EXERCISE REQUIREMENTS
Transcribe this listing exactly; omit the pictures.

SOURCE DATA
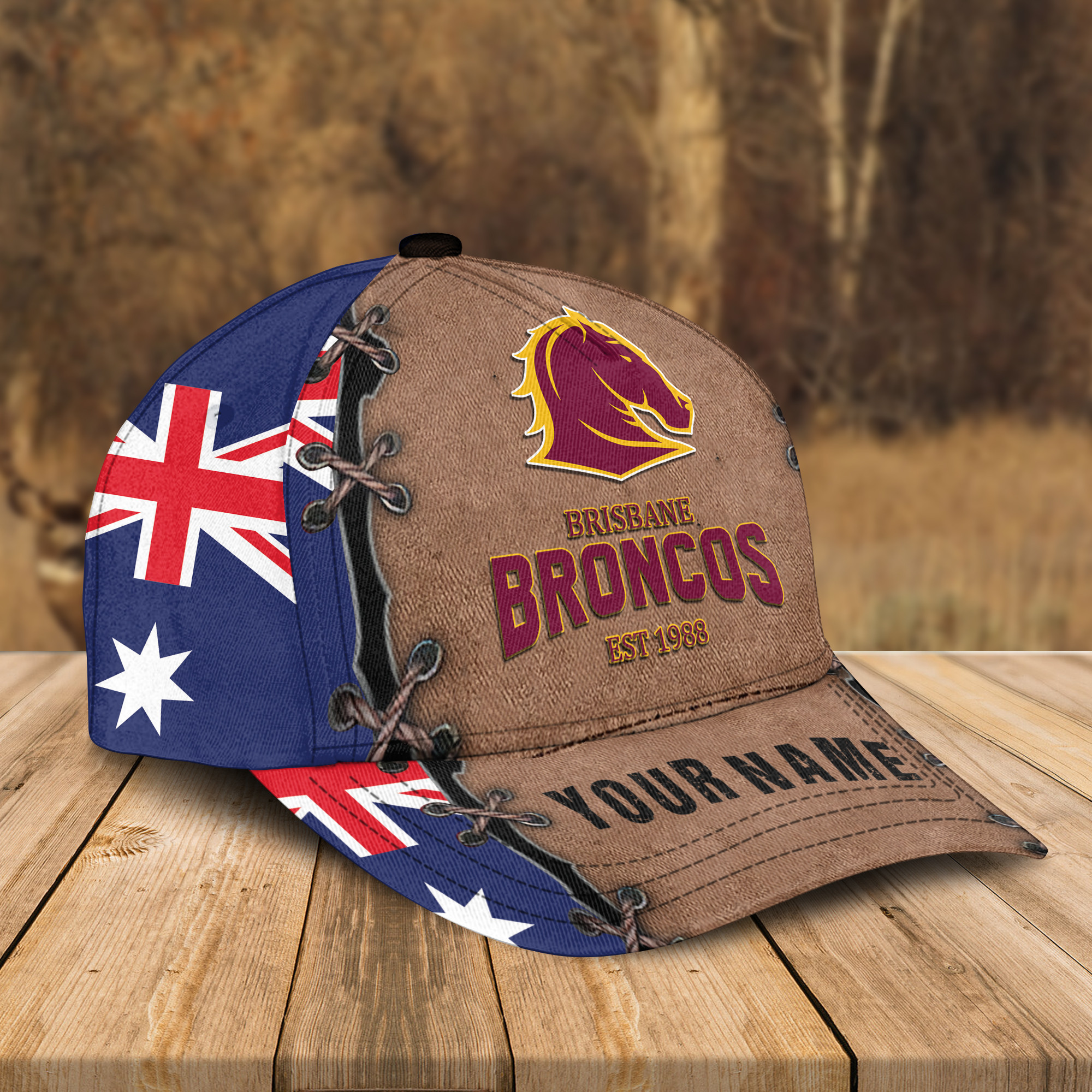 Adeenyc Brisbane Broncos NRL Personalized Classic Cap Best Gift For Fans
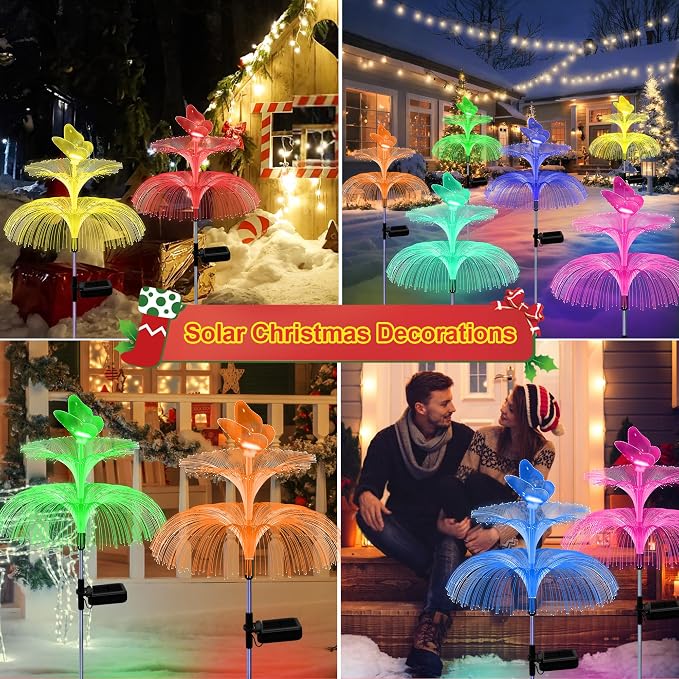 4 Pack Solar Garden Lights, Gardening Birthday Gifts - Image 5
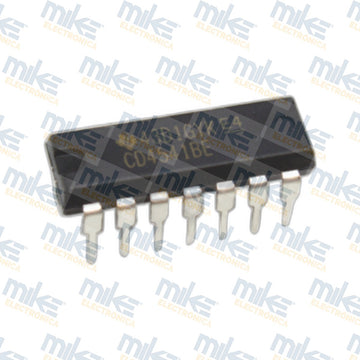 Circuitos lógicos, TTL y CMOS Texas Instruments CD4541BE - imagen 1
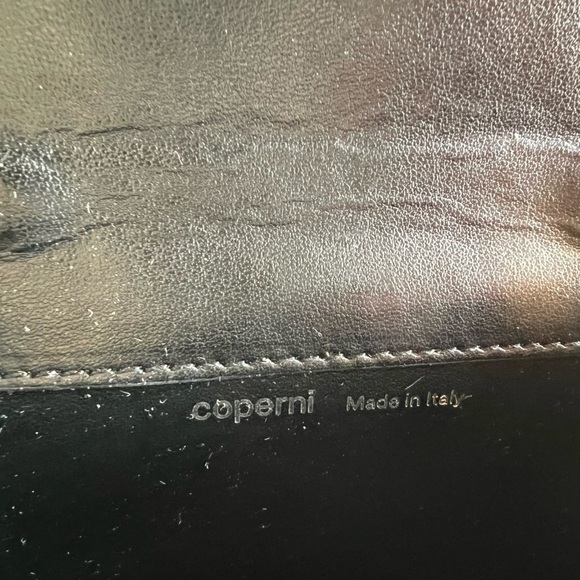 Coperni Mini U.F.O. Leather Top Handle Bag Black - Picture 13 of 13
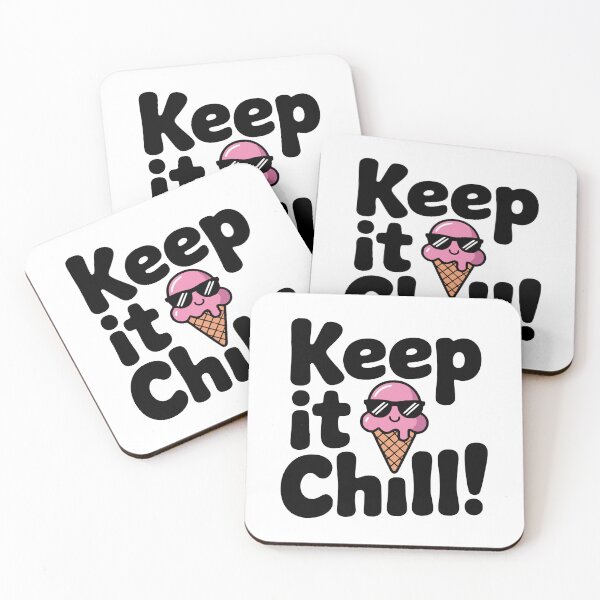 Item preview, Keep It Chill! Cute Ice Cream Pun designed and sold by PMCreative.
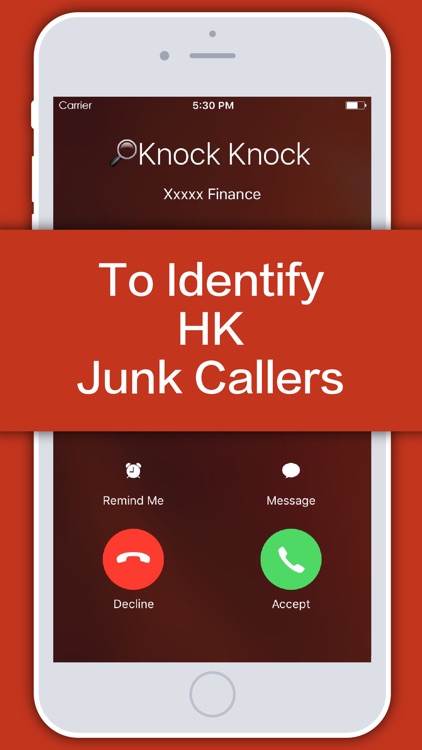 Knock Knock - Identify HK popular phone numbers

FINISHED EXERCISE
 Adeenyc Brisbane Broncos NRL Personalized Classic Cap Best Gift For Fans
 4 Pack Solar Garden Lights, Gardening Birthday Gifts - Image 5
 Circuitos lógicos, TTL y CMOS Texas Instruments CD4541BE - imagen 1
 Coperni Mini U.F.O. Leather Top Handle Bag Black - Picture 13 of 13
 Item preview, Keep It Chill! Cute Ice Cream Pun designed and sold by PMCreative.
 Knock Knock - Identify HK popular phone numbers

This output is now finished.